The National Offender Management Service is facing significant challenges after a reform to radically reduce the prison population was dropped, costing the Ministry of Justice £130m.

The National Audit Office (NAO) has published a report highlighting the “substantial” financial and operational challenges involved in continuing to drive savings whilst maintaining performance.

The decision to drop a proposal to halve sentences for criminals who plead guilty at the earliest opportunity has cost the MoJ around £130m in lost savings, the NAO has suggested.

Additionally, the prison population is now unlikely to fall significantly, which will limit plans to close older and more expensive prisons.

The proposals would have resulted in 6,000 fewer inmates, potentially taking the prison population below 80,000. New projections see the population falling by just 2,000 prisoners.

Amyas Morse, head of the National Audit Office, praised the Agency’s spending reductions achieved so far, as well as value for money and broadly maintained performance.

But he said: “However, its spending is vulnerable to even slight changes in demand, over which it has no control, and it has very little flexibility to absorb unforeseen costs.
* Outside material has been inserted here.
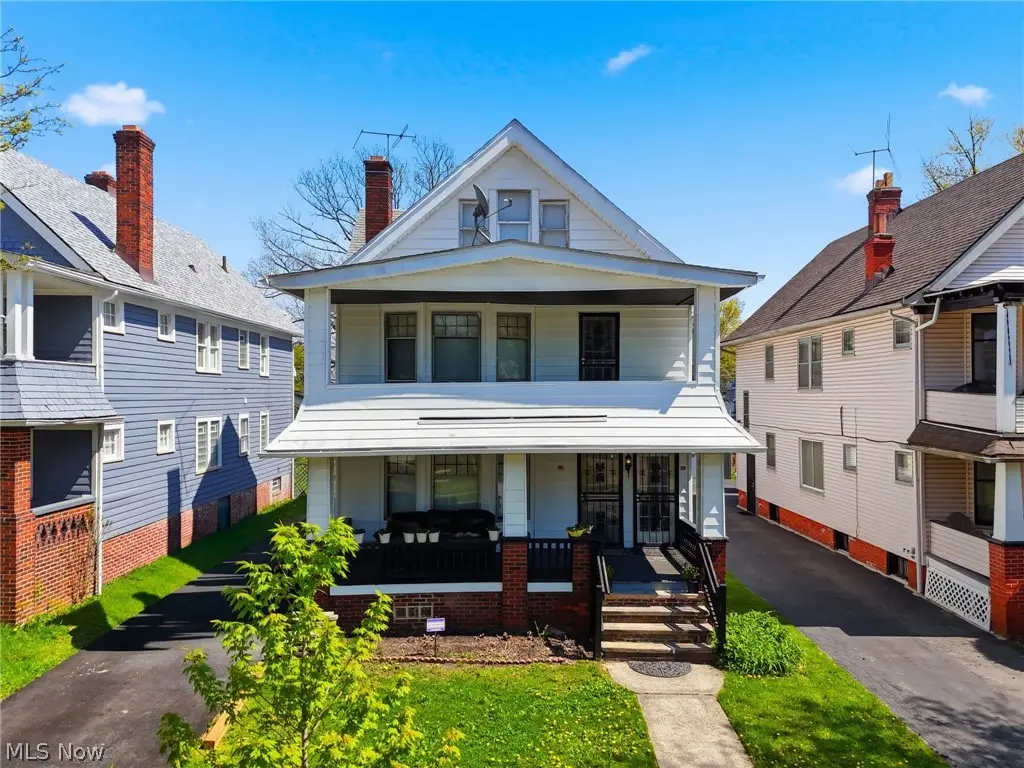 829 Helmsdale Road, Cleveland Heights, OH 44112 - #1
“There are therefore risks to the Agency’s ability to make sustainable savings over the long term, when the prison population is unlikely to fall significantly and the Agency’s funding will continue to reduce.”

Margaret Hodge MP, chairwoman of the Commons Public Accounts Committee, said: “I am concerned that the agency has yet to pin down a plan to get back on track. The agency's fragile financial outlook is at the mercy of events, such as last August's riots and the sentencing decisions of judges and magistrates over which it has little control.”